C’est une décision de justice passée sous les radars et qui a pourtant son importance. Le 27 mars 2024, la Cour d’appel de Paris a condamné en appel l’Agence France Presse, estimant que celle-ci avait « commis une faute engageant sa responsabilité délictuelle ». En octobre 2019, l’AFP avait publié une dépêche au sujet de l’affaire Luc Besson, dont la rédaction et le choix iconographique discréditaient la parole de l’actrice Sand Van Roy au profit de celle du réalisateur contre lequel l’actrice belge avait déposé plusieurs plaintes pour viol. Un jugement qui souligne l’urgence d’amorcer une réflexion collective sur le traitement médiatique des violences sexuelles.
La sincérité de l’appelante mise en cause
En 2018, Sand Van Roy, aperçue dans le film Valérian et la Cité des mille planètes, avait porté plainte pour viol contre Luc Besson « après un rapport sexuel intervenu à l’hôtel Bristol, à Paris, où séjournait le cinéaste ». Dans une enquête Mediapart, l’actrice avait déclaré « avoir subi, entre mars 2016 et mai 2018, des relations sexuelles non désirées et « violentes »,des relations sexuelles non désirées et « violentes », parfois « jusqu’au sang », afin d’éviter, dit-elle, d’être « blacklistée » ou « coupée au montage » de ses films ». Sa prise de parole à propos de cette « relation d’emprise professionnelle » avait ouvert la voie à huit autres femmes, auditionnées pour la plupart par la justice, qui avaient à leur tour dénoncé des comportements sexuels inappropriés de la part du réalisateur.
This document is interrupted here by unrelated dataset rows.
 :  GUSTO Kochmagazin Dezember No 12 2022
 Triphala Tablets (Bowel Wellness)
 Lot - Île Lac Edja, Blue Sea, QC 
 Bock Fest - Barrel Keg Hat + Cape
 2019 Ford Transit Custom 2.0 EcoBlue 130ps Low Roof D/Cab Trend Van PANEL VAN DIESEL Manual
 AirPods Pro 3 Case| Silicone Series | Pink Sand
Ce dernier a toujours nié les accusations dont il fait l’objet.
Dans sa décision du 27 mars 2024, publiée en ligne, la Cour d’appel a détaillé son raisonnement :
La rédaction de la dépêche laisse entendre que ce n’est que plusieurs mois après avoir passé toute une nuit avec M. [X], que l’appelante a décidé de porter plainte contre lui. Or, Mme [K] avait soutenu n’être arrivée à l’hôtel Bristol qu’à 0 h 50, pour un rendez-vous professionnel, et avoir quitté précipitamment l’établissement dès 2 h 18, après avoir été victime d’un viol. Si la dépêche ne comporte aucun propos de nature à porter atteinte à l’honneur ou la considération de l’appelante, elle remet en cause la sincérité de ses déclarations et laisse entendre que la version donnée par M. [X] apparaît plus crédible en mentionnant que Mme [K] aurait passé toute la nuit à l’hôtel. Par ailleurs, le choix de la photographie recadrée où les deux parties apparaissent souriantes côte à côte vient renforcer la crédibilité de la version donnée par M. [X] et jette ainsi le discrédit sur celle de Mme [K].
Repenser le traitement médiatique des violences sexuelles
Cette victoire est lourde de sens, dès lors que l’actrice a plusieurs fois dénoncé le traitement médiatique réservé à ses accusations contre Luc Besson, considérées comme un des symboles de la libération de la parole post-MeToo en France.
En 2022, un jour avant que soit prononcé un non-lieu par la justice concernant sa plainte française (elle a depuis saisi la justice belge), Sand Van Roy avait notamment dénoncé sur Twitter les publications biaisées de certains médias qui semblaient laisser entendre que la décision avait déjà été prise en sa défaveur.
Cette décision de la Cour de cassation soulève à nouveau la question du traitement médiatique des affaires de violences sexuelles, et les discours sexistes qui peuvent s’y loger. Pour Madmoizelle, l’autrice Rose Lamy avait énuméré certains procédés régulièrement à l’œuvre, et insisté sur l’urgence de casser ces réflexes misogynes pour repenser collectivement la manière dont on parle de ces sujets dans les médias.